If you submitted ticket on page will check it on monday Not seen any issues

Foozle•9mo ago

Been using RunPod for 6 weeks and kinda know what I'm doing. Big issues with network connections for me too, extremely slow speeds setting up and downloading Pods and Hugging Face and Civitai models are just stopping and timing out.

danielfriis•9mo ago

I've had the same issue. Just started using RunPod. First, it worked perfectly, but for the past few days I haven't been able to deploy. Works today. A bit worrisome if I have to rely on the service going forward

Magriux•9mo ago

same here

Jason•9mo ago

Open up a ticket guys, from the site

NERDDISCO•9mo ago

@Ercan @Foozle @danielfriis @markolo would you mind telling me in which regions this was happening?

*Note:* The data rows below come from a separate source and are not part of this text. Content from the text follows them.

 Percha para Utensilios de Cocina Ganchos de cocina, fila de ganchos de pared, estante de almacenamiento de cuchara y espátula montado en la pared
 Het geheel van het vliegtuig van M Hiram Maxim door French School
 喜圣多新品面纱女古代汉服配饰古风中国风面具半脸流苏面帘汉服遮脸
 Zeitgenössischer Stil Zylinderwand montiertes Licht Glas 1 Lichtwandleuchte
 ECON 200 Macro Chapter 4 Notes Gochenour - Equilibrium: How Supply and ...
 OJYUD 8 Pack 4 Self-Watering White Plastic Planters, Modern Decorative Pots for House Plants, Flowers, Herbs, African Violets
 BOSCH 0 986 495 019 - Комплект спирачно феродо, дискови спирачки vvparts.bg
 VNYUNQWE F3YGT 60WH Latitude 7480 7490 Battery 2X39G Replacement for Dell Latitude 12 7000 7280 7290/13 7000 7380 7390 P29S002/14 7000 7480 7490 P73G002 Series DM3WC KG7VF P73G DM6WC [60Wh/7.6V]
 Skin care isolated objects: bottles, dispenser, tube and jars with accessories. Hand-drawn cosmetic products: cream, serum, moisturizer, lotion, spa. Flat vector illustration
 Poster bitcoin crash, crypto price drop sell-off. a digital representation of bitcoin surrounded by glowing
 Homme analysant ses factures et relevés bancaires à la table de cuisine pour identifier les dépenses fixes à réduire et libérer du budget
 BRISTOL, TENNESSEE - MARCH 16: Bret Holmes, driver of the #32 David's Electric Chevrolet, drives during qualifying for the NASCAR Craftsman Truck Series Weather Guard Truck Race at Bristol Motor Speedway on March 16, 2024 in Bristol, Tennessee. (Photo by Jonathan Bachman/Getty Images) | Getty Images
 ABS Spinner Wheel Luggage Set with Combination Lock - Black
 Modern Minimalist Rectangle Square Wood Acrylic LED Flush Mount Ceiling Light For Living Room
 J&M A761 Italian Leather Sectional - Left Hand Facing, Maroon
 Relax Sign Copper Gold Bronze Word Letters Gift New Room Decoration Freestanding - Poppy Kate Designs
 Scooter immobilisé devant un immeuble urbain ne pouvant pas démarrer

And if you have, the pod ids + time / date, so that we can check out what is happening.

danielfriis•9mo ago

Happening again now. @Tim aka NERDDISCO ID: moz6awaptgyvrj, time: right now (14.52 WEST)

ErcanOP•9mo ago

Happening time to time still, for when it started happening first "08/17/2024 4:50 PM EST" jv5qo2ua1o0ku7, r0qtnl9w5pd9ye, 0370lv0blxuph5, 8pbdspc5cfi8nw

NERDDISCO•9mo ago

thank you, passed all of this to the team!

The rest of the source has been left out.